Recently, the government passed a new law aimed at systematically closing all possible loopholes – so that no one slips through. It started in April with the adoption of laws that scrapped the requirement that military registration and enlistment offices hand over draft notices in person and get the signature of a potential conscript. The notice now is considered served after it is sent to the personal account of a conscript on the public services portal Gosuslugi.

From that moment until he shows up at the enlistment office, the conscript has his rights seriously restricted: he is forbidden to leave the country, conduct real estate transactions, register a car and obtain a driver’s license. The fines for violating the rules of military registration have been increased manyfold. In addition, huge fines of half a million rubles are to be paid by employers who do not ensure that their employees turn up when conscripted.

Then in July, another law was passed increasing by five years the time personnel are to be kept in the reserve. Now, privates and sergeants are in the first-category reserve (meaning that they are the first to be mobilized) up to 40 years old, and junior officers up to 50 years old.
General Andrey Kartapolov, who chairs the Duma Defense Committee, spoke about the prospect of a "big war." Source: Wiki Commons
Finally, legislators moved to expand the contingent subject to conscription. At first, they were going to shift the age range for conscript service from 18-27 to 21-30 years old. That way, they explained, it would not be green youths but fully grown men going into the army. However, the day before the final vote in the Duma, it turned out that the draft age would simply be expanded: the lower bar would remain at 18 years old, while the upper one would be raised to 30.

Meanwhile, assurances from the Russian authorities that conscript soldiers would not fight in Ukraine are hardly worth taking seriously. Indeed, on the same day, the Duma adopted a law “permitting” conscript soldiers to sign a contract with the Ministry of Defense (which would make them “professionals” and lift the prohibition on them fighting) as soon as a month after the start of service. The Russian military long ago learned how to force conscripts to sign these contracts – through psychological pressure, and sometimes physical violence.

This law was adopted in violation of Duma procedures, while the new legislation directly contradicts the Constitution – for example, the provisions prohibiting conscripts from having lawyers to represent their interests at military enlistment offices, as the head of the Federation Council Constitutional Committee Andrei Klishas pointed out.

The chair of the Duma Defense Committee, General Andrey Kartapolov, who changed his position several times, finally told the truth: “This law was written for a big war, for a general mobilization. It already smacks of such a big war. And we are all looking at who to remove from there, who to protect.
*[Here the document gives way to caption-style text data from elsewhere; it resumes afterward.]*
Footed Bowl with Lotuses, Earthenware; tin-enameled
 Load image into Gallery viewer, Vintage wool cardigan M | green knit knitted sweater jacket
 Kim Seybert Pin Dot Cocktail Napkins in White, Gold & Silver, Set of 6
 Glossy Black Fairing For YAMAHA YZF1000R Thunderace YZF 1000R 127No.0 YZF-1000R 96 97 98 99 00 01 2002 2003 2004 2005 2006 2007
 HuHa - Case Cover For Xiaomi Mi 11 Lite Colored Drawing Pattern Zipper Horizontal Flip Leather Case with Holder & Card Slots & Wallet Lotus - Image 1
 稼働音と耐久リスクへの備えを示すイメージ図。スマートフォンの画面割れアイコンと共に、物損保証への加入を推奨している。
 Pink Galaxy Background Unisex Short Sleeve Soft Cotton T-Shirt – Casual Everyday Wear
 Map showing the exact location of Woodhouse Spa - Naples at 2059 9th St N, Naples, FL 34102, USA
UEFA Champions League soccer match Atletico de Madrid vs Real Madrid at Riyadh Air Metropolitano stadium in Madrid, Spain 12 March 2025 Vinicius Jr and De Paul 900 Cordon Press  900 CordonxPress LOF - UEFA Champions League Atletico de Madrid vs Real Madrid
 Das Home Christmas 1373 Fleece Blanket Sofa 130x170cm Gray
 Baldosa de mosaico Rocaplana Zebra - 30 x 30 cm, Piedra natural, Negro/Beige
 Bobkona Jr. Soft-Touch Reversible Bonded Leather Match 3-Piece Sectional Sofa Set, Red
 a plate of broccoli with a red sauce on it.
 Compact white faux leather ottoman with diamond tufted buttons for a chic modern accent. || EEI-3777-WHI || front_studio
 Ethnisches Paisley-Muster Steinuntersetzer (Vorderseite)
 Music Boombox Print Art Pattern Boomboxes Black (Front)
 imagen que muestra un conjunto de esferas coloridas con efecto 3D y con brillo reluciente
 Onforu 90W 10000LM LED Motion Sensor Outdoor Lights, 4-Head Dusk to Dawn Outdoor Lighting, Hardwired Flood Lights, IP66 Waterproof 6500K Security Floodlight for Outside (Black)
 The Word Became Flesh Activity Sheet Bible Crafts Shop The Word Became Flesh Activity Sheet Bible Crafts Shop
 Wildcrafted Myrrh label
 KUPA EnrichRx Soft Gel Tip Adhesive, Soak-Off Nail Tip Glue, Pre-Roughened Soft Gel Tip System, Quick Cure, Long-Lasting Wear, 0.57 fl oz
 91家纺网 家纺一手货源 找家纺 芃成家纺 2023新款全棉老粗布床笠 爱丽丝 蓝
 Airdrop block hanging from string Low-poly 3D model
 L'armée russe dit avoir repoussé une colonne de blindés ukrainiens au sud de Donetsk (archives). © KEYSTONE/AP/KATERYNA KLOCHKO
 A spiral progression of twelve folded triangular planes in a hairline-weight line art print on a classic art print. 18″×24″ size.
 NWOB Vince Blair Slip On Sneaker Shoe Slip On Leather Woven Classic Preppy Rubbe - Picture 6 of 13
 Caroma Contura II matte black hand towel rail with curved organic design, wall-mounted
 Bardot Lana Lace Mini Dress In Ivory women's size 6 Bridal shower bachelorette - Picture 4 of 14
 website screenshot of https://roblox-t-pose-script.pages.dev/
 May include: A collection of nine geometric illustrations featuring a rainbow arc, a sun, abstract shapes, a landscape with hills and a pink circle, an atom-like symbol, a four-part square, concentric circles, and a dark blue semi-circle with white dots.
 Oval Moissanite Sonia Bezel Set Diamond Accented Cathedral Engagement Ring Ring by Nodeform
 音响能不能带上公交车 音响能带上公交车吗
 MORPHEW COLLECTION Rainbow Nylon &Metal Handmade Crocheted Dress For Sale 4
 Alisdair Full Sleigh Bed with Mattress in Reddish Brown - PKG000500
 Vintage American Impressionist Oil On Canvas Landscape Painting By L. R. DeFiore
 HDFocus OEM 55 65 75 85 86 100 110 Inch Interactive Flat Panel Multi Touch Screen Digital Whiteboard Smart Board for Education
No one can be protected.”

The collapse of the Soviet mass mobilization system

It is obvious that
“By adopting these new laws, the Kremlin is turning the whole Russian system of military construction around 180 degrees. From now on, Moscow is beginning to revive the mass mobilization army.
This concept, created by Prussian military reformers at the very beginning of the 19th century, was adopted by almost every major state in the 20th century. In Russia, it was followed from 1873 to 2008. It is based on universal conscription and means that all men must do conscription service.

In peacetime, they would receive military training and become reservists. In the event of war, mobilization would be announced, and the army would immediately balloon in size. And after the start of hostilities, the mobilized men would make up for the losses of the army in the field.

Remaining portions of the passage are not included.